**SOURCE DATA:**
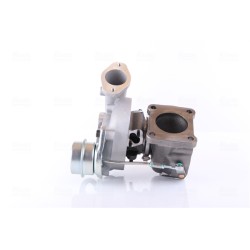 Turbo Pour Toyota Land Cruiser 100 1720117040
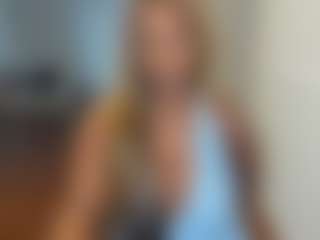 novasupa's Live Sex Cam Show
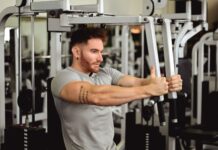 chest workouts what you must learn about muscle activation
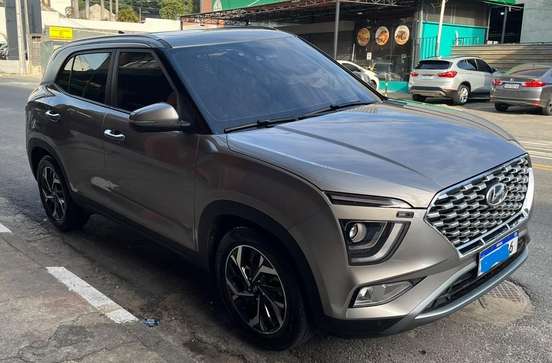 HYUNDAI-CRETA-2024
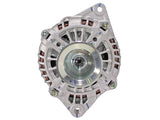 LATURI MITSUBISHI 24V A4TR5091AM
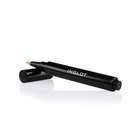 AMC Corrective Illuminator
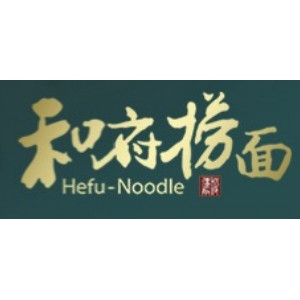 商品和府捞面和府鲜煮面香辣汤红烧牛小腩面300g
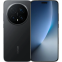 Smartphone Honor Magic8 Pro 16/1TB Black (BKQ-N49)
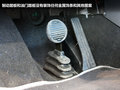 smart fortwo 图片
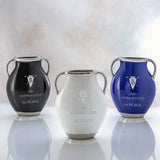 Russel Trophy Vase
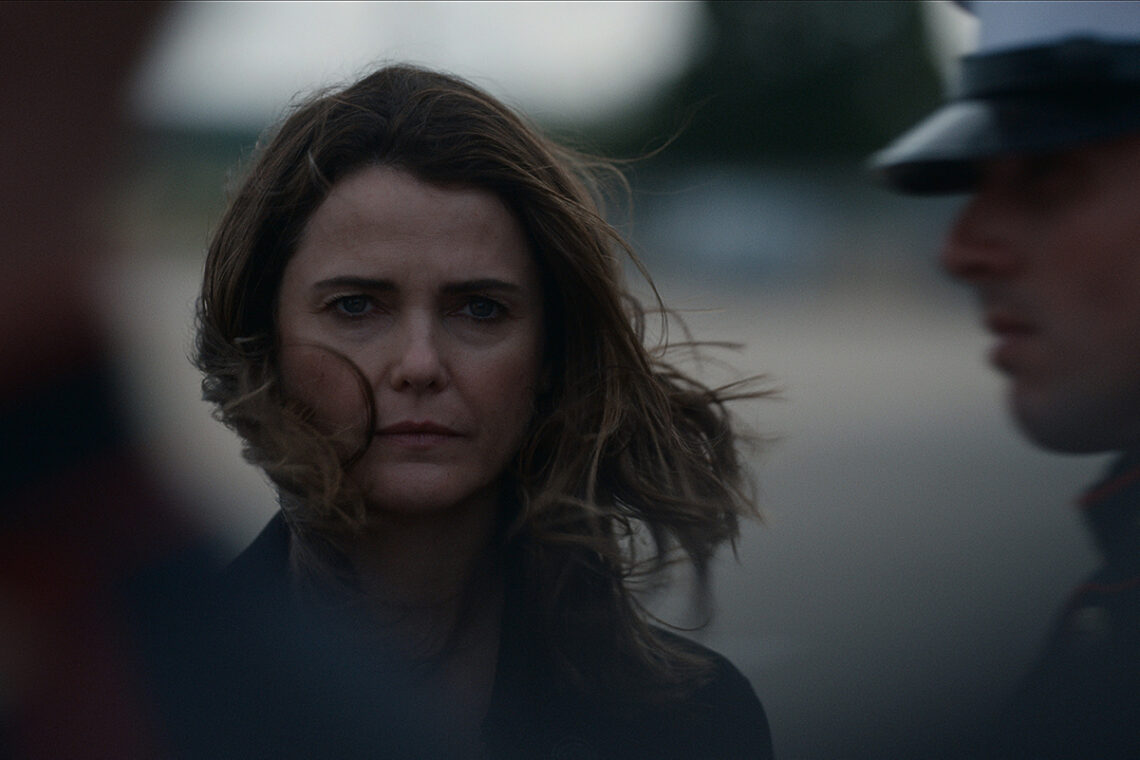 il-primo-sguardo-a-keri-russell-in-the-diplomat-2:-arriva-a-ottobre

**DESCRIPTION OF THE TASK:** What you give back must be exactly the lines of the listing above from the line containing "chest workouts what" through its last line, inclusive, without pictures, please.

**FINAL ANSWER:**
 chest workouts what you must learn about muscle activation
 HYUNDAI-CRETA-2024
 LATURI MITSUBISHI 24V A4TR5091AM
 AMC Corrective Illuminator
 商品和府捞面和府鲜煮面香辣汤红烧牛小腩面300g
 Smartphone Honor Magic8 Pro 16/1TB Black (BKQ-N49)
 smart fortwo 图片
 Russel Trophy Vase
 il-primo-sguardo-a-keri-russell-in-the-diplomat-2:-arriva-a-ottobre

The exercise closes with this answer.